Hey folks, Would appreciate some guidance on how t...
# singer-tap-development
h
Hey folks, Would appreciate some guidance on how to progress with my Singer tap implementation. If you look at my previous message above this one you'll see I'm building a REST based tap. I'm not sure how to deal with state in my situation. The data I am pulling is aggregated report data which is keyed on a Date and some other columns. I'd like to run my pipeline once per day and retrieve data for the past 7 days so I can backfill values and account for late arriving data. As I understand, the SDK doesn't offer a way of dealing with this use case directly. Since there is no single replication key using the default SDK interface doesn't work for me. Instead I need to manually work with the state object to store the last run date and derive my start/end dates based off of this. IMO this is the most robust approach and ensures that at the target I overwrite records based on a combination columns I designate as a my primary key. Alternatively I can avoid state altogether and just set the start and end dates for the API based on config values which I pass via env vars. If the first approach, using State, is best than can you advise on where to start with this in terms of implementation. Just a pointer in the right direction would be very helpful.
v
"To account for late arriving data" What rule do you want to use for this? It sounds like you want to say data within 7 days from today could come in late. In the tap I'd just never allow the date to go beyond today()-7 . ie if the tap ran today the state would get set to 2022-03-15 How do you do this? Well state is set based on replication keys, so the "record" object needs to have the replication_key set to that data. A managed replication_key like
_sdc_replication_date
would work. https://github.com/AutoIDM/tap-indeed/blob/main/tap_indeedsponsoredjobs/streams.py#L128 Is different than your ask but may provide some context Probably other options but that's the first thing I thought about!

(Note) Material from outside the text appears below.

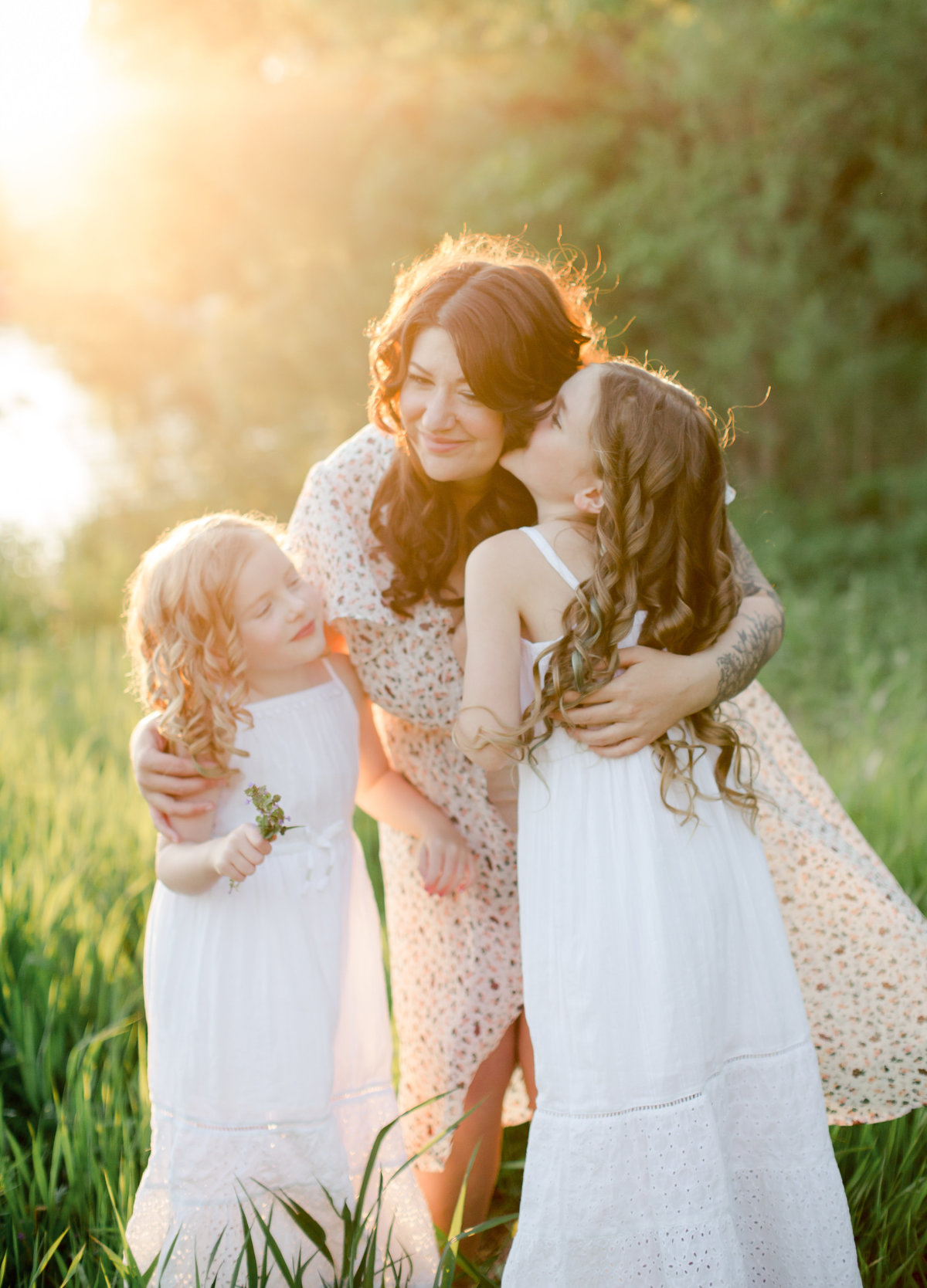 pregnant mom hugs her daughters in grass fields of summer lake rochester minnesota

If your company controls this source I'd push back a bit as this whole thing can be side stepped with an appropriate
updated_at
field
h
Thanks @visch. I don't control the source unfortunately. It's AppsFlyer's aggregated data API, for which there isn't a Singer tap currently. On the 7 day window - there's no solid rule I have. We've just determined that 7 days is a good amount of days to refresh data for in our use case. So each time the tap runs it should retrieve data for the last seven whole days relative to today, or some relative date that I can pass as config. Perhaps it would help if I described what the desired outcome is in the target. I want to be able to fetch data for some
Date-MediaSource-Campaign
combination (this is what is set as primary key in the stream) such that we overwrite that data (where necessary) for seven days. So if a record has a Date value 21/3/22, we would "refresh", and attempt to overwrite that value in our target until 29/3/22 (after which we wouldn't care about the 21/3/22). From what you've said and the example I'm a bit clearer but still not sure on how to proceed. I understand now that a replication key is required but it isn't clicking what that should be. Are you suggesting it should be
sdc_replication_date
, which is just the date the replication attempt was made?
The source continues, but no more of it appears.